**Input for this task:**
· · · ·

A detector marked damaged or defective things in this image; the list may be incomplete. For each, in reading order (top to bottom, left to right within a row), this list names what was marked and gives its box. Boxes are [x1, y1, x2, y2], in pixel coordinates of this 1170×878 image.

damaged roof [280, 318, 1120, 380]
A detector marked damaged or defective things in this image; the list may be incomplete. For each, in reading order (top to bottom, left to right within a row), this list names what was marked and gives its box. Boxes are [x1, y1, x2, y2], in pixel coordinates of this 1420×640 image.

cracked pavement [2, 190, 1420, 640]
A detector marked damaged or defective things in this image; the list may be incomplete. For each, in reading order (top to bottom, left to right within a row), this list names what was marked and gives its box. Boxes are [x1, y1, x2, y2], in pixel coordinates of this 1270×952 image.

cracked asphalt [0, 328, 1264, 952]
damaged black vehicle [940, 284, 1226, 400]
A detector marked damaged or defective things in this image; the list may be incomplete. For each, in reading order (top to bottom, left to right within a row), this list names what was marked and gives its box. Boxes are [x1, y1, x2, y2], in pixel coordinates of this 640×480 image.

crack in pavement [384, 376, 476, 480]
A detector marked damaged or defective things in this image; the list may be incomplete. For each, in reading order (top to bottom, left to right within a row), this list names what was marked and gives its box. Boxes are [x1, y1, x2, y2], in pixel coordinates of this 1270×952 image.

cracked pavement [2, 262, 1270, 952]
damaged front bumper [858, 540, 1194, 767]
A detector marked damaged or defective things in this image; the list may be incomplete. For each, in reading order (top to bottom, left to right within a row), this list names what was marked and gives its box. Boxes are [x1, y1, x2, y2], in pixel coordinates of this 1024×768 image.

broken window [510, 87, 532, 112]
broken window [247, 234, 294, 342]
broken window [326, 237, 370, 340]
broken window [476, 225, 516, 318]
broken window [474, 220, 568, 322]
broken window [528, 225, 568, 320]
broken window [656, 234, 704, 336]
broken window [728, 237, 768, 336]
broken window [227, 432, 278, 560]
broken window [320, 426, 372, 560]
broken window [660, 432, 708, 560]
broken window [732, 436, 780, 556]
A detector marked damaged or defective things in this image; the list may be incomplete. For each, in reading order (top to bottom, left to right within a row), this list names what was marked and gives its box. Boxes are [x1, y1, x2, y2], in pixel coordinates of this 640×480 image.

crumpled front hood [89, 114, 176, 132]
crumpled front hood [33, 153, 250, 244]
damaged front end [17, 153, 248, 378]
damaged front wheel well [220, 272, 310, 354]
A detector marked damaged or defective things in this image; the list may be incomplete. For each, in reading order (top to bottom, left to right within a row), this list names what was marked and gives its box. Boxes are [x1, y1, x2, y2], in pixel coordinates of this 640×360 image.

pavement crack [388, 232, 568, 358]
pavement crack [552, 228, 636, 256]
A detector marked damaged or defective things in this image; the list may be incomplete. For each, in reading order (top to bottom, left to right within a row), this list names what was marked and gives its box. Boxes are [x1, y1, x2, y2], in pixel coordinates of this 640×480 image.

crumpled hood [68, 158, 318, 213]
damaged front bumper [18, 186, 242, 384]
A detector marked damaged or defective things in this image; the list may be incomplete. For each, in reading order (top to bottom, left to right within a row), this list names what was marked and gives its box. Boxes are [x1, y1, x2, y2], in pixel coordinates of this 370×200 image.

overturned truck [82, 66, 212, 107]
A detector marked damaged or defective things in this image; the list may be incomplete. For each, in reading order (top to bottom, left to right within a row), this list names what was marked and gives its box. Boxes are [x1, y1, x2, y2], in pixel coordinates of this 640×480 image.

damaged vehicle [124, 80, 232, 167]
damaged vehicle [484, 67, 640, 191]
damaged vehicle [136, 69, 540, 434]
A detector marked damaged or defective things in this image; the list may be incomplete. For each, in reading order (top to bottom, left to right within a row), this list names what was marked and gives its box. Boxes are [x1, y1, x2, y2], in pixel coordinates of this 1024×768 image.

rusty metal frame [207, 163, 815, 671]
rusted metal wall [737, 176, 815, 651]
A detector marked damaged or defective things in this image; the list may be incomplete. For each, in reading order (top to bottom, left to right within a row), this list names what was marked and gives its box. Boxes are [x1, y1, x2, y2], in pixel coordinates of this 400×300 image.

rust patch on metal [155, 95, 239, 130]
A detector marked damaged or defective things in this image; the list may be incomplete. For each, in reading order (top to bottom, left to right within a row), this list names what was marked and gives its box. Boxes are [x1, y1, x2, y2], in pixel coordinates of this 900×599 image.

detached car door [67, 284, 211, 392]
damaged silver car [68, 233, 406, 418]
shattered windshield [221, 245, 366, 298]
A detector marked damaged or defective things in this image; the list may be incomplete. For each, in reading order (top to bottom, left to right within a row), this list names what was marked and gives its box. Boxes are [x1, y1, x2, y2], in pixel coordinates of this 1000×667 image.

· · · ·

**Work to be completed:** What you copy out must be exactly the lines from the line containing "this 400×300 image." through the end of the records.

**Answer to this problem:**
A detector marked damaged or defective things in this image; the list may be incomplete. For each, in reading order (top to bottom, left to right within a row), this list names what was marked and gives its box. Boxes are [x1, y1, x2, y2], in pixel coordinates of this 400×300 image.

rust patch on metal [155, 95, 239, 130]
A detector marked damaged or defective things in this image; the list may be incomplete. For each, in reading order (top to bottom, left to right within a row), this list names what was marked and gives its box. Boxes are [x1, y1, x2, y2], in pixel coordinates of this 900×599 image.

detached car door [67, 284, 211, 392]
damaged silver car [68, 233, 406, 418]
shattered windshield [221, 245, 366, 298]
A detector marked damaged or defective things in this image; the list may be incomplete. For each, in reading order (top to bottom, left to right within a row), this list names what was marked and gives its box. Boxes are [x1, y1, x2, y2], in pixel coordinates of this 1000×667 image.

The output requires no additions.